Mesmo com a superioridade aérea, sem tropas no chão, a tendência é a vitória das forças tribais sírias contra o Conselho Militar de Suwayda que conforme vem perdendo a batalha vai se humilhando na expectativa de Israel intervir. Recentemente um Sheikh druso apelou que Israel anexasse o enclave é já são comuns as bandeiras israelenses içadas junto às tradicionais bandeiras drusas. Entretanto parece remota uma intervenção por terra de Israel em defesa de seus cipaios drusos, pois se nem o cativeiro de próprios cidadãos euro-judeus em Gaza parece comover Netanyahu, quem dirá a perseguição de árabes.
Foto: Jerusalem Post
Foto: Jerusalem PostO que podemos esperar?
Infelizmente os mais prejudicados com isso são os próprios drusos, que devido a desmando de suas lideranças os empurram para o triste destino dos tutsis de Ruanda. Principalmente no Oriente Médio onde a política se camufla em formas identitários (etnia e credo religioso), não parece que as futuras lideranças sírias saberão ou irão querer educar o povo sírio a diferenciar o povo druso que lá vive há mais de mil anos dos senhores de guerra traidores de Suwayda.
Sobre a pugna pela Síria entre Turquia e Israel, sem a intervenção estadunidense em favor do último, tenderá para o lado turco e por isso não interessa para Erdogan uma partição do país, mesmo que lhe conferisse alguma porção do país como consolação. A despeito do desejo de colorir mais seções do mapa do Oriente Médio, para a Turquia atual compensa muito mais exercer o controle indireto sobre uma Síria inteira do que uma fatia da mesma.
De forma geral a maior vencedora dos últimos conflitos na Ucrânia e Oriente Médio devido à sua localização e a atuação dúbia tem sido a Turquia. Por um valor bem menor que o vizinho sionista tem protegido bases da OTAN no Oriente Médio e reduzindo a influência do Irã no Levante. Tudo isso tem sido considerado pelas grandes potências e quem sabe um dia, para alegria de Erdogan, a crise os leve a elegê-lo seu sátrapa oficial. Era o que tanto queria Golbery em sua geopolítica para o Brasil: a hegemonia do Atlântico Sul em reconhecimento aos bons serviços para o EUA num eventual remanejamento de suas forças.

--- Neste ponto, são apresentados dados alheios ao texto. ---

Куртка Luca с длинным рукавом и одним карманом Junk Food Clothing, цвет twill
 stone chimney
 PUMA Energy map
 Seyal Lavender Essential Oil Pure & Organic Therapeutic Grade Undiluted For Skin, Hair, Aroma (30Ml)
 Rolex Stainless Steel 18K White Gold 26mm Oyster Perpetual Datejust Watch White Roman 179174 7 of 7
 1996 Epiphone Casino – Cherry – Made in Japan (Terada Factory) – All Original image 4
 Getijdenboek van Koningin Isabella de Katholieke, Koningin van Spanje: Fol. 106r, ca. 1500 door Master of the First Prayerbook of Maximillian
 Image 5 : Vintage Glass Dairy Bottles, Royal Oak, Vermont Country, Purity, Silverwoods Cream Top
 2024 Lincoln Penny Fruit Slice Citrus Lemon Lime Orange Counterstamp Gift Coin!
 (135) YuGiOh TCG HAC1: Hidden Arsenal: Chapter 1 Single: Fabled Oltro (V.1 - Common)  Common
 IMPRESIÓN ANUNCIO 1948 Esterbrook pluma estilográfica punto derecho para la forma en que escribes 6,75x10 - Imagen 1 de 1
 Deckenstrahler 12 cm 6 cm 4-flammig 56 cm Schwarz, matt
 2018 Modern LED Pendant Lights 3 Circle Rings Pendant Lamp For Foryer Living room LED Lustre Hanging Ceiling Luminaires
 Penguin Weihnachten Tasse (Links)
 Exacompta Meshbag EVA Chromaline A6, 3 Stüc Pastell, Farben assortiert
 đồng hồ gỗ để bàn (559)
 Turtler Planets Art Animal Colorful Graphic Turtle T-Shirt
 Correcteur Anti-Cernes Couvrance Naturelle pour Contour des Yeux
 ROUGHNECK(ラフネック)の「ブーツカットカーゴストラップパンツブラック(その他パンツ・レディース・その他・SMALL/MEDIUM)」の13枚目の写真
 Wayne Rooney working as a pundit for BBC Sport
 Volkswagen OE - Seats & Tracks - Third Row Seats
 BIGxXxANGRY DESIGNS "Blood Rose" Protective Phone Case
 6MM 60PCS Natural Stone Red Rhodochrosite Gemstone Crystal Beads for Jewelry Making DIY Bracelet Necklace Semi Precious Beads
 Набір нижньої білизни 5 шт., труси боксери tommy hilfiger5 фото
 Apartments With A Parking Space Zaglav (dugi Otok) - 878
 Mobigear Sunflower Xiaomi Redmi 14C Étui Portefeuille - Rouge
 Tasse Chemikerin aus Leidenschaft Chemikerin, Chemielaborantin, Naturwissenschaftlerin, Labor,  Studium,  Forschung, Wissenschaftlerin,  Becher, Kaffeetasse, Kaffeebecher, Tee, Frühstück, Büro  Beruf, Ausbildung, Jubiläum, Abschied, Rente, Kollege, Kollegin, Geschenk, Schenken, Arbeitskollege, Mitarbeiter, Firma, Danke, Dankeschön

Al-Shaara, sob o nome Al-Jawlani (Julani), em trajes jihadistas sendo retratado como terrorista pelo EUA (2017-2024). Foto: Reprodução
Al-Shaara em pose de estadista moderado com Macron. Foto: Reprodução
Al-Shaara em pose de estadista moderado com Macron. Foto: ReproduçãoPara a Síria, a ocasião ironicamente convida o mercenário do Ocidente, Ahmed Al-Shaara a assumir a posição de defensor da pátria frente à tentativa de partição da Síria. Seja derrotando os revoltosos drusos, como confirmando sua representação civil em seu governo. Se estará a altura não saberemos, mas pode ser mais uma reviravolta na carreira de um homem que, assumidamente, se politizou na Segunda Intifada, assistiu feliz ao 11 de setembro, entrou para Al-Qaeda do Iraque, lutou contra a ocupação deste país pela OTAN inclusive sendo preso pelo governo títere do EUA, com o início da guerra civil da Síria foi para lá coordenar a Al-Qaeda, se aliou ao Estado Islâmico, depois rompeu com este e se filiou aos interrsses turcos até e se tornar governante da Síria com apoio das potências ocidentais. Eis uma biografia interessante.